* [Given records]
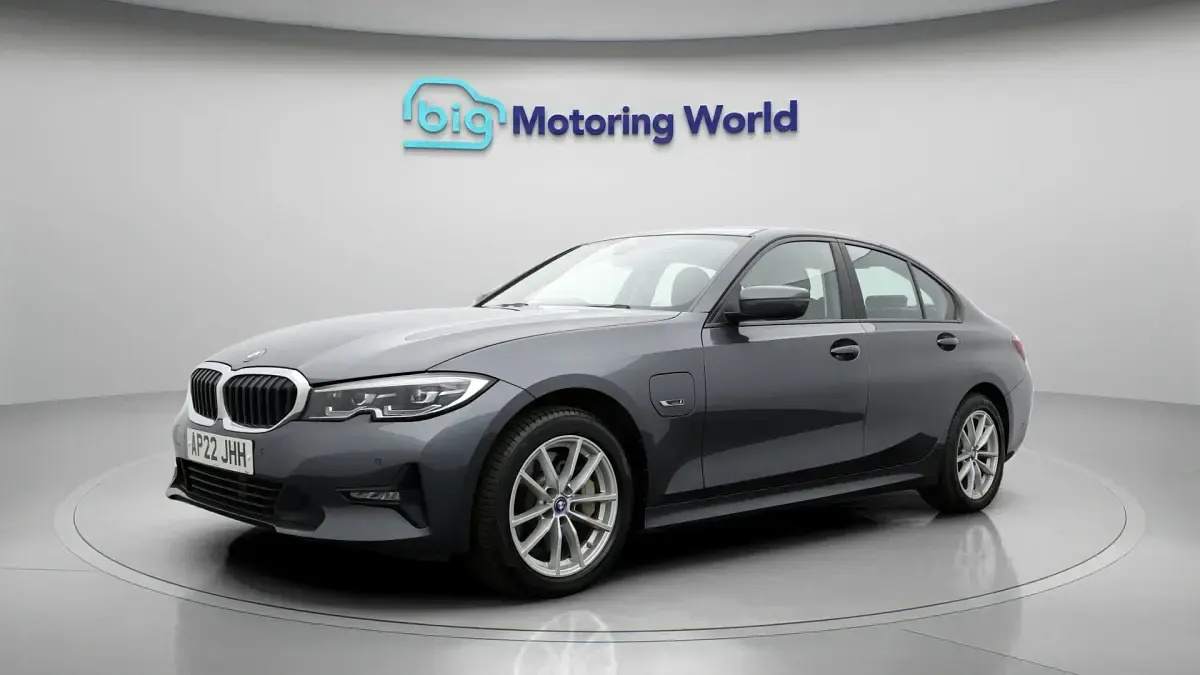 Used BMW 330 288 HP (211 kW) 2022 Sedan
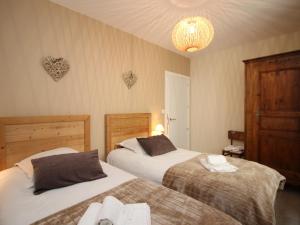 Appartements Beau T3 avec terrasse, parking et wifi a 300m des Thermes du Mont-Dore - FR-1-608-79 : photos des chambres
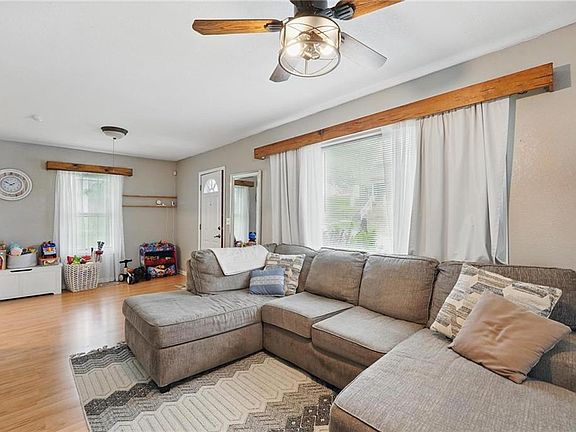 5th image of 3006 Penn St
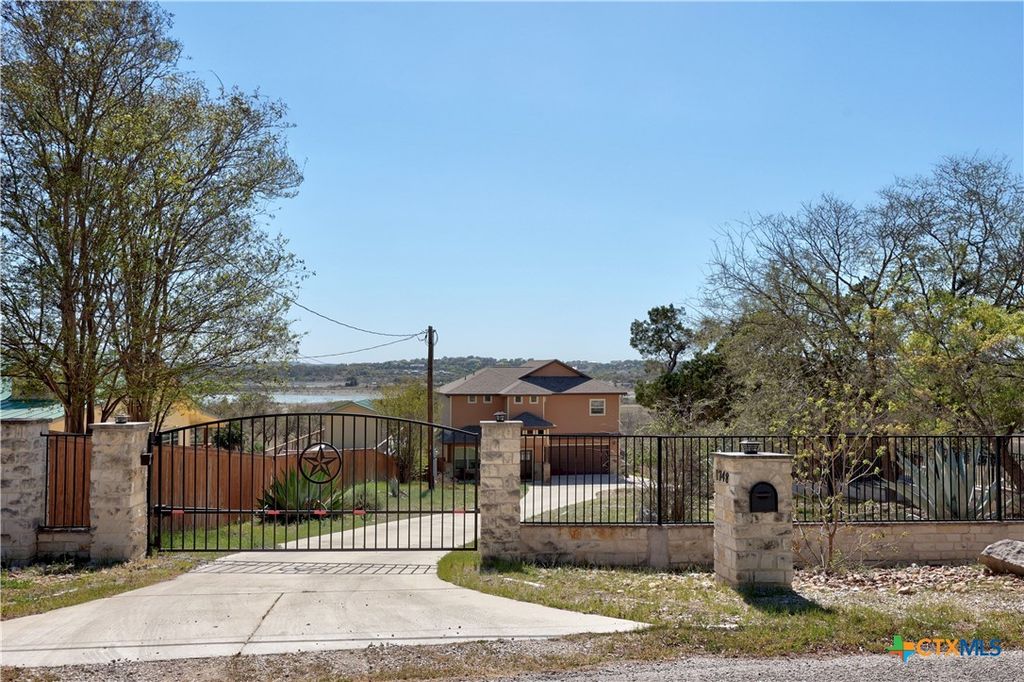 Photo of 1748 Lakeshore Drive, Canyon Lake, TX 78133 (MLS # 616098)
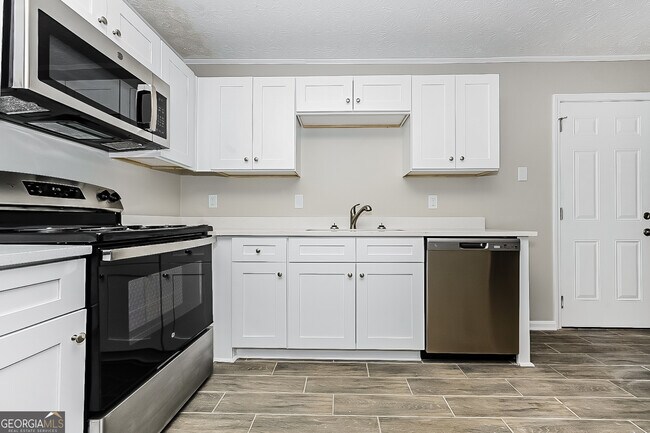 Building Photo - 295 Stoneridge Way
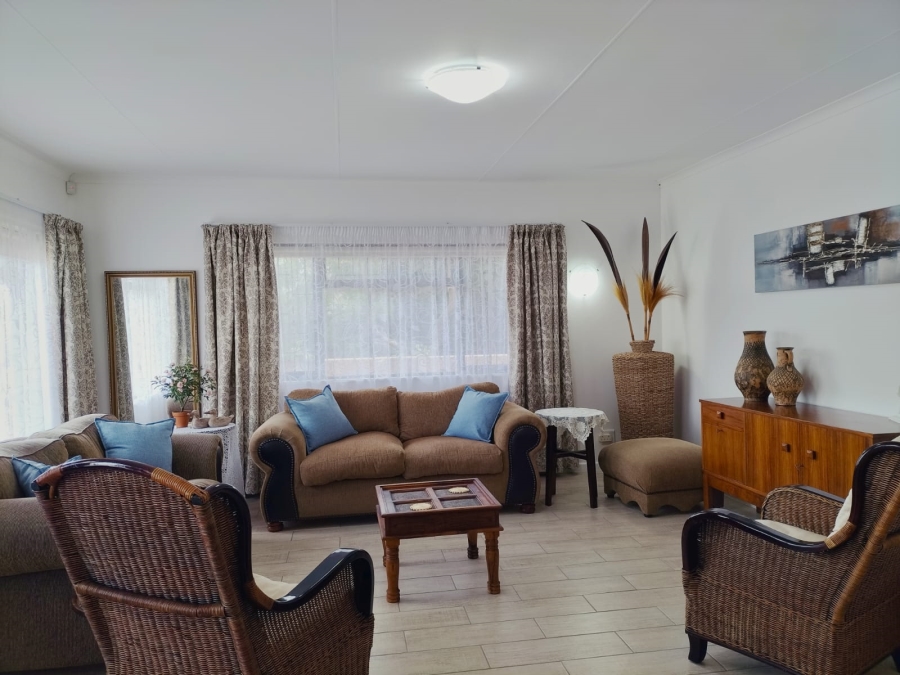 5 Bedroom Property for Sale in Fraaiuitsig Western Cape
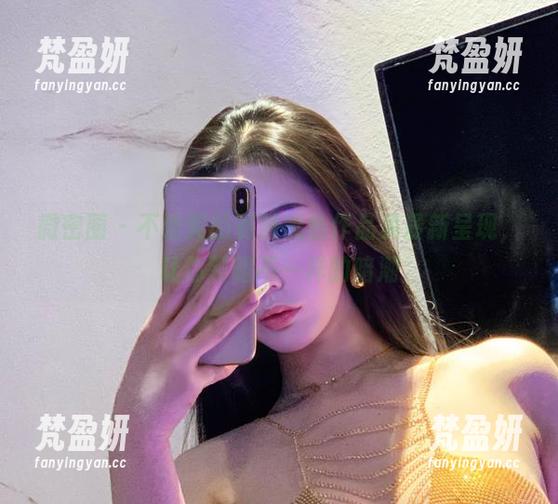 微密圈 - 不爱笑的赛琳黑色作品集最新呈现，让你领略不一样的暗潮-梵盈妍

--

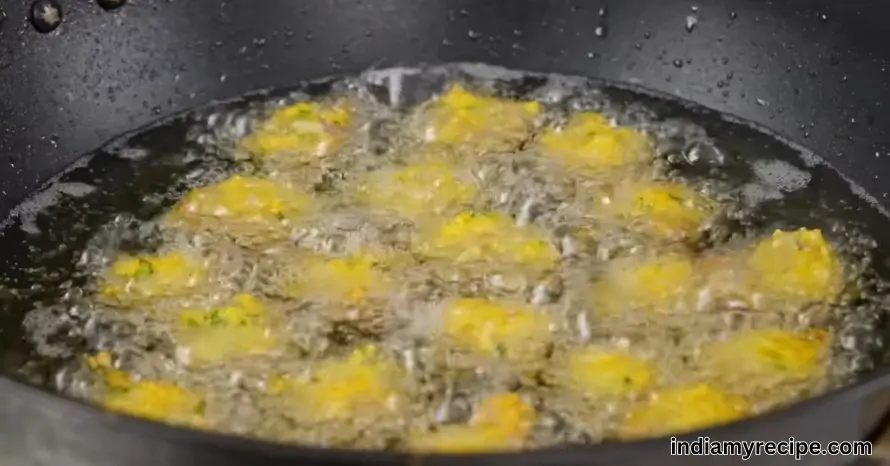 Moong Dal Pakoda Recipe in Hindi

* [What to do]
What belongs in the answer is each line above from the line with "Used BMW 330 288 HP (211 kW) 2022 Sedan" to the line with "Building Photo - 295 Stoneridge Way", inclusive, reproduced exactly and free of pictures.

* [Final answer]
 Used BMW 330 288 HP (211 kW) 2022 Sedan
 Appartements Beau T3 avec terrasse, parking et wifi a 300m des Thermes du Mont-Dore - FR-1-608-79 : photos des chambres
 5th image of 3006 Penn St
 Photo of 1748 Lakeshore Drive, Canyon Lake, TX 78133 (MLS # 616098)
 Building Photo - 295 Stoneridge Way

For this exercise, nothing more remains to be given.